CD-Surv: a contrastive-based model for dynamic survival analysis

Health Inf Sci Syst. 2022 Apr 12;10(1):5. doi: 10.1007/s13755-022-00173-z. eCollection 2022 Dec.

Abstract

Survival analysis, aimed at investigating the relationships between covariates and event time, has exhibited profound effects on health service management. Longitudinal data with sequential patterns, such as electronic health records (EHRs), contain a large volume of patient treatment trajectories, and therefore, provide great potential for survival analysis. However, most existing studies address the survival analysis problem in a static manner, that is, they only utilize a fraction of longitudinal data, ignore the correlations between multiple visits, and usually may not be able to capture the latent representations of patient treatment trajectories. This inevitably deteriorates the performance of the survival analysis. To address this challenge, we propose an end-to-end contrastive-based model CD-Surv to better understand the patient treatment trajectories and dynamically predict the survival probability of a target patient.

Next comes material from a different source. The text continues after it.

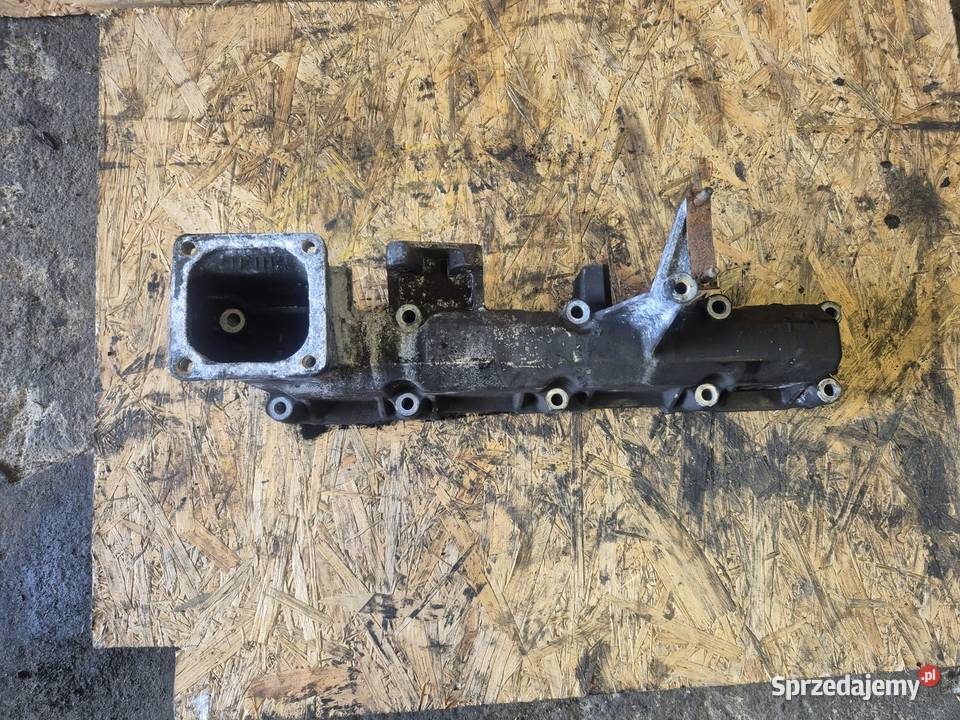 Kolektor Ssący Silnika 4D98E3ZSFB KOMATSU PC80 Tychy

Specifically, two data augmentation strategies, namely, mask generation and shuffle generation, are adopted to augment the real treatment trajectories documented in the EHR. Based on this, the hidden representations of the real trajectories can be improved by utilizing contrastive learning between augmented and real trajectories. We evaluated our proposed CD-Surv on two real-world datasets, and the experimental results indicated that our proposed model could outperform state-of-the-art baselines on various evaluation metrics.

Keywords: Contrastive learning; Electronic health records; Longitudinal data; Survival analysis.